Trotzdem wollte er den Job und nicht länger Gesundheitsminister bleiben. So sehr wollte er ihn, dass Rainer Brüderle weichen musste. Den muss Rösler als Fraktionschef ertragen. In der engeren Führung hat er Leute um sich, mit denen er „kann“. Den Chef der NRW-FDP, Daniel Bahr, nun Gesundheitsminister, und Generalsekretär Christian Lindner. Sie sind zugleich seine potenziellen Nachfolger. Rösler will sich freilich halten. Gerade besetzt er die Schaltstellen im Thomas-Dehler-Haus mit seinen Leuten, oft frühere Mitstreiter aus Niedersachsen.

Sein Vorgänger Guido Westerwelle nimmt sich zurück. Neulich konnte man gar beobachten, wie Parteifreunde Rösler in Schutz nahmen, als Kubicki „Mut zur thematischen Führung“ anmahnte. Rösler weckt Beschützerinstinkte. Es besteht also Hoffnung, auch in Mecklenburg-Vorpommern und Berlin, wo gewählt wird.

Bewährungsprobe Schleswig-Holstein

Es gibt zwei große Fragen: Wie viel Zeit und wie viel Glück hat Rösler? Die Bewährungsprobe ist wohl die Wahl in Schleswig-Holstein im Mai 2012. Die Sache mit dem Glück ist wiederum verknüpft mit einer Sachfrage: Rösler hat sich wie Westerwelle Steuersenkungen verschrieben.
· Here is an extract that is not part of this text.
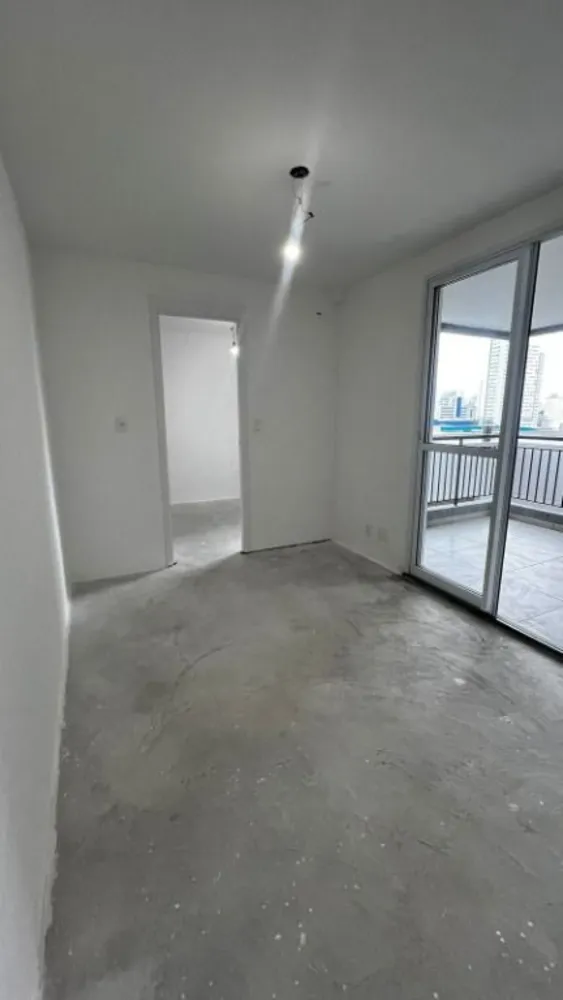 Apartamento, 1 quarto, 34 m² - Foto 1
Die Konjunktur darf nicht kippen, die EU-Krise sich nicht verschärfen – die Steuerreform geriete in Gefahr. Zudem können die Länder der FDP einen Strich durch die Rechnung machen. Warum er sich auf das Glatteis begab, auf dem schon Westerwelle ausrutschte, bleibt sein Geheimnis. Offenbar hat Rösler das Gefühl, mit anderen Themen nicht durchzudringen, solange er nicht geliefert hat.